Work to complete >>
Output the full listing below exactly; the images stay out.

Supplied data >>
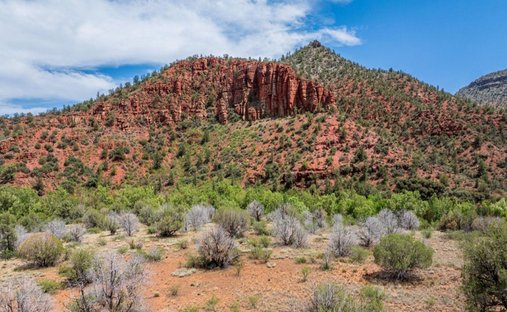 Land in Sedona, Arizona, United States 1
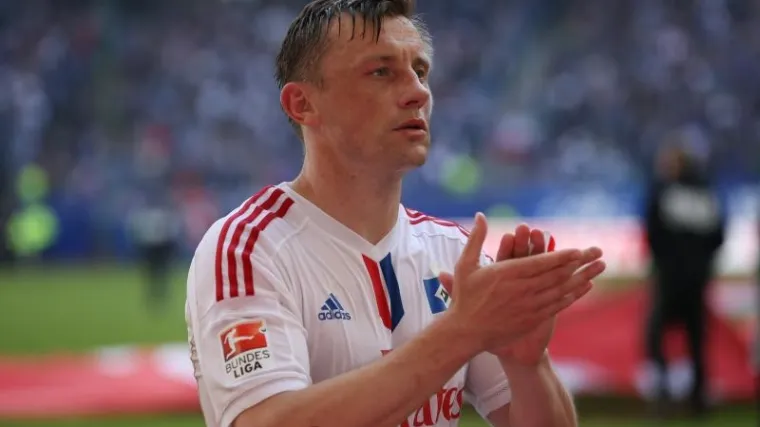 Iako je u 37. godini, ni ne pomi&scaron;lja na mirovinu: Olić u pregovorima s njemačkim drugoliga&scaron;em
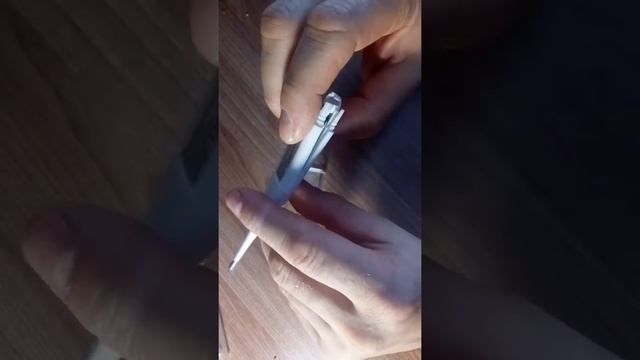 градусник замена батареи смотреть онлайн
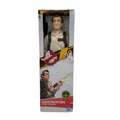 Peter Venkman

Result of this exercise >>
 Land in Sedona, Arizona, United States 1
 Iako je u 37. godini, ni ne pomi&scaron;lja na mirovinu: Olić u pregovorima s njemačkim drugoliga&scaron;em
 градусник замена батареи смотреть онлайн
 Peter Venkman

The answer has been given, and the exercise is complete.